Date: 2010-04-10 11:33 am (UTC)
From: [identity profile] robert-jones.livejournal.com
You can use Google as well as I can, presumably? In 1997, public sector employment was 5.175 million (here, which was presumably the source for the Independent). In the fourth quarter of 2009, it was 6.098 million (here). (Although that does include some 250,000 employees of Lloyds and RBS, whom you might want to exclude.) If you want to question the ONS's methodolgy, I leave it to you to investigate.

In 1996, total government expenditure was 39.5% of GDP. For the current year, it is estimated (by the Treasury) to be 45.6%. (This disguises the fact that government expenditure fell to 34.8% of GDP in 2000, and then steadily increased.) (ETA: source for these figures is here.)

Whether that's a huge expansion, I don't know, but the public sector clearly has got bigger under Labour.
Edited Date: 2010-04-10 11:36 am (UTC)

Date: 2010-04-10 12:01 pm (UTC)
From: [identity profile] friend-of-tofu.livejournal.com
Hm, thank you, but that doesn't really answer the questions I had about what those figures really mean. Short of getting access to the raw data- which I have neither the time nor the interest to do - I'm not sure how to resolve that. I agree that the Lloyds/RBS employees are an anomaly, and not exactly reflective. But I'd really like to know where the large number of privately contracted firms providing government services fall here; their workers do not get government pension schemes or other related benefits, most of the time.

There's no need to be snarky. I don't know whether I'm as good at using Google as you are (presumably not, since online research isn't part of my day job).

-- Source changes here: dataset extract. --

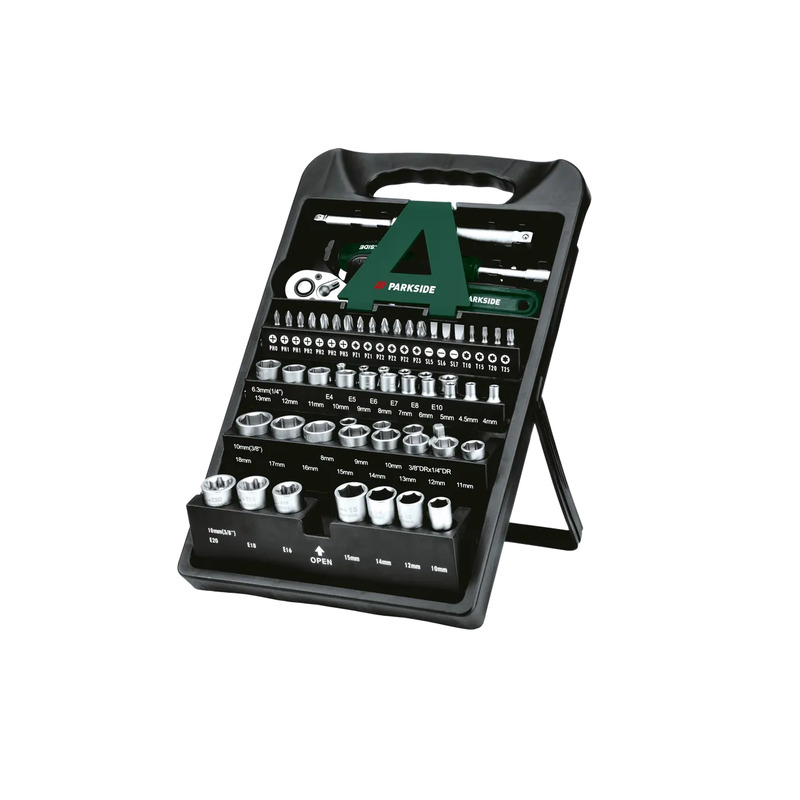 Padrunvõtme komplekt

The wider issue for me, of course, is what, if anything, to take away from a list of figures. I'm no statistician, so my understanding of how to correlate employee numbers (which, as I said, I'm not clear about how the final figures are calculated, who's in and who's out) with expenditure is at best rudimentary. I can't see whether government expenditure correlates to increased employee numbers (if we agree that to be the case which, as I said, I'm not wholly convinced about) or reflects increased expenditure on expensive projects, such as the fucking Olympics. And even if I agreed with the suggestion that "under Labour, the public sector has expanded and public expenditure has increased" (which I don't anyway regard as necessarily a bad thing; it's a thing, how good or bad it is depends on specific circumstances IMHO), I'm still not sure *that* can inevitably be correlated to specific Labour policies - the RBS thing was unforeseen, expenditure on railway infrastructure was at least in large parts the result of a policy decision made under the Tory government, etc etc.

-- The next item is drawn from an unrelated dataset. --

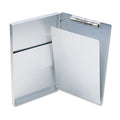 Snapak Aluminum Forms Folder, Silver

So obviously, this in itself wouldn't be a make-or-break voting issue for me. And I remain unconvinced by this as a means to determine whether or not the Labour government are 'bad with other people's money'. I'm no fan of Labour, and I think they've overseen the introduction of some massively, flagrantly wasteful projects (I go past one of them pretty much every day!). But Mrs. Thatcher's truism seems to me to be fundamentally flawed, especially when one looks outside the UK. Of course, she may only have meant Labour, but in that case, the critique of socialism as a whole is weak. I don't trust a Tory government to be any better with public money; they just have a slightly different set of public projects to indulge. So, for me, if the primary reason to vote Tory is financial self-interest, that would be no reason at all. Obviously, I'm biased, since a Tory government would be looking for ways to make me redundant (though my particular job is in fact reasonably popular with our actual Tory councillors; it's the poor social workers and housing officers and care providers who are more likely to be in the firing line), but then, if enlightened self-interest is the order of the day, that makes perfect sense. I actually *don't* vote in 'my own interests', on the whole, and I don't really have a lot of sympathy with it as a method for increasing social good, but even if I did, voting Tory would still be a pretty dumb idea for me.